Our final excursion during last year’s holiday in Denmark was to the Open Air Museum which is very close to Copenhagen. The Open Air Museum, Frilandsmuseet in Danish, is part of the National Museum of Denmark. It is one of the oldest and largest open air museums in the world. It contains over 50 farms, houses, smallholdings and mills from the period 1650-1940. It also features gardens, landscapes and old Danish breeds of livestock. We were lucky to enjoy a beautiful, warm and sunny day for our trip. It is a very large site, but happily you can get a overview of the museum by taking a leisurely trip round the site in a horse drawn carriage. Alessio was most chuffed when he was invited to sit at the front by the horses with our guide. Here is the horse and carriage.
The site is full of simply stunning farm buildings which have been lovingly transported from their original home and reconstructed here. As with just about everything in Denmark, these buildings were painted in bright warm colours, as you can see from the examples below.
Most are half timbered constructions, though the first one above used bricks. The roofs are thatched, though rarely as spectacularly as the last one. These were all working farms and some of the buildings were homesteads for the farmer and his family. Others were sleeping areas for hired workers, barns, stables, along with premises for millers, potters or cobblers.

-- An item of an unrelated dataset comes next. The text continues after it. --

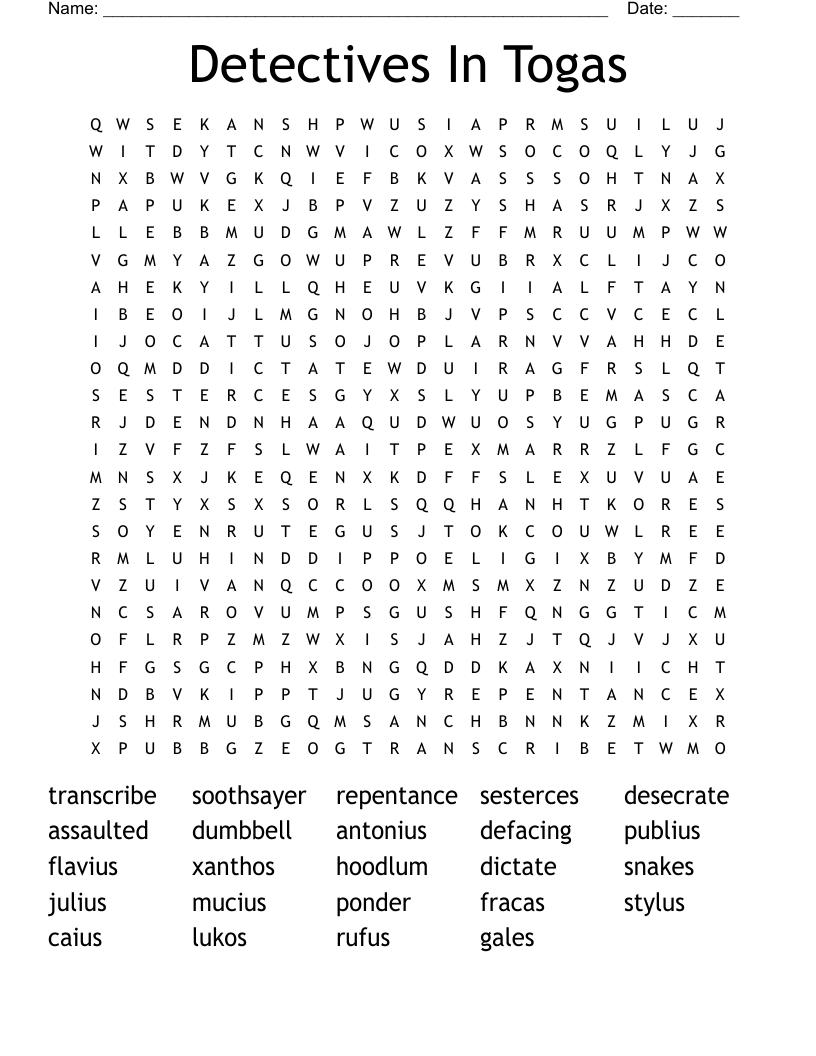 Detectives In Togas Word Search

Below are some examples of rooms for farmers and their workers. A couple of kitchen ranges, two cots for hired staff and finally a large grandiose room for the farmer and his wife.
All kinds of work would take place in and around a farm, and the museum has some lovely examples of rural industry. Power was either human effort or water and wind. There are a couple of windmills on the site and below is the smaller of the two. This is followed by a very old watermill.
The production of textiles was an essential part of rural life and all farms would have their own looms. A couple are shown below, along with an example of some of the lovely woven fabrics and finally a few of the tools used for knitting or weaving.
Just about everything was made either on the farm or in one of the surrounding villages. I end with some of these everyday items – a display of special plates, shelving with ordinary plates and bowls and finally a cobbler’s room.